La imaginaba de una manera que no se correspondía con su figura. No su belleza física que perturba a la gente, sino la calidad de inteligencia que la encarna.
Cuando me la presentaron ya la conocía, como es obvio. Mucho hablé con sus amigas para que me acercaran a ella. Quería confrontar su personalidad. Antes que mirar a la diabla quería ver la santa. En circunstancias normales. Para después formarme una idea aproximada de su manera de ser.
Fue por un poeta que tuve el honor de conectarme con ella. Un loco de Manhattan, poseído de las paganidades que apareja consigo la intensidad de la vida. Esplendoroso y cómplice de los arrebatos y dulzuras de la mal arquetipada “femme fatale”.
Supe muchas versiones de quienes la conocen, entre ellos amigos de Nueva York donde su casa es casi un templo que siempre tiene las puertas abiertas para sus conocidos. Ella es endiabladamente solidaria con las personas a quienes quiere, y no se parece a los que mantienen criterios de egoísmo en su cotidianidad.
Porque uno cree que se va a encontrar a alguien lleno de tapujos y de arrogancias, y topa con una encarnación de la sencillez más especial. Y lo mejor es que podría manejar la petulancia pero como ha sido hechura de la frescura, no le inquietan esas demostraciones sensoriales de sus colegas los actores y actrices que en general son posudos y triviales.
Flora no se arrepiente de lo que ha vivido, que ha sido intenso.
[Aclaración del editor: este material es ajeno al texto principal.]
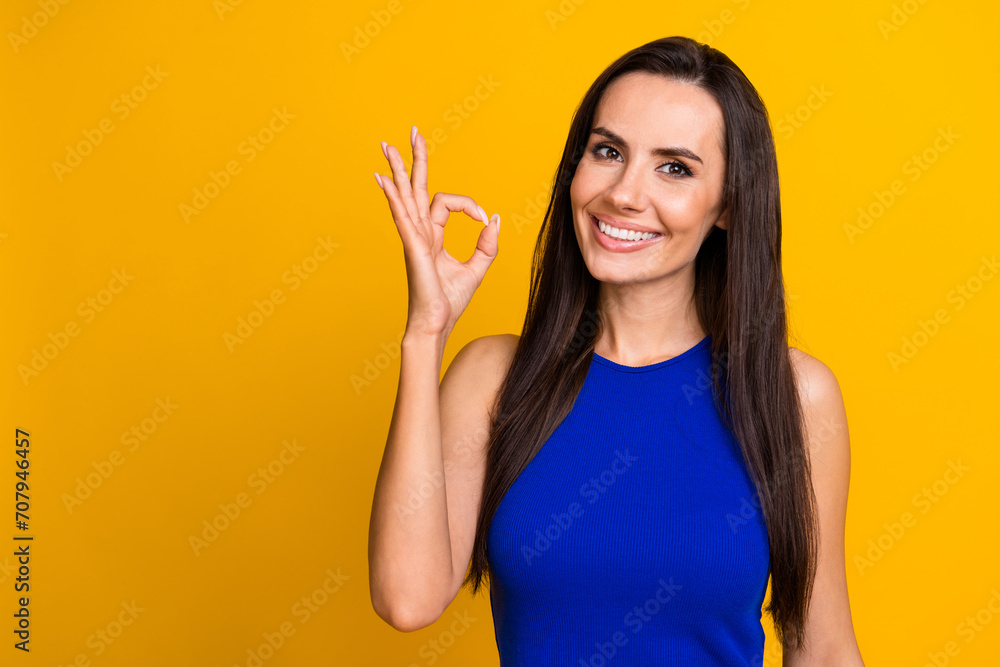 Photo of positive pretty lady dressed blue top showing okey empty space isolated yellow color background Photo of positive pretty lady dressed blue top showing okey empty space isolated yellow color background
Incluso desbordando tabúes y ritualizando el sentir de todos los días.
De padres colombo canadienses, goza de la doble nacionalidad, y cuenta con una familia profesional llena de satisfacciones.
La conocimos cuando llegó a Medellín para trabajar en el mayor reto de su vida: Hacer el personaje de una novela fluida pero intrascendente, y rebasar un guión que tampoco se corresponde con los afanes de una película que pueda marcar hito en la creciente filmografía nacional, aunque es dirigida por un documentalista mexicano, producida con dineros holgados y actuada por intérpretes de tres países: Otra indagación comercializada en el complejo fenómeno del narcotráfico, desde el punto de vista de la sicaresca antioqueña.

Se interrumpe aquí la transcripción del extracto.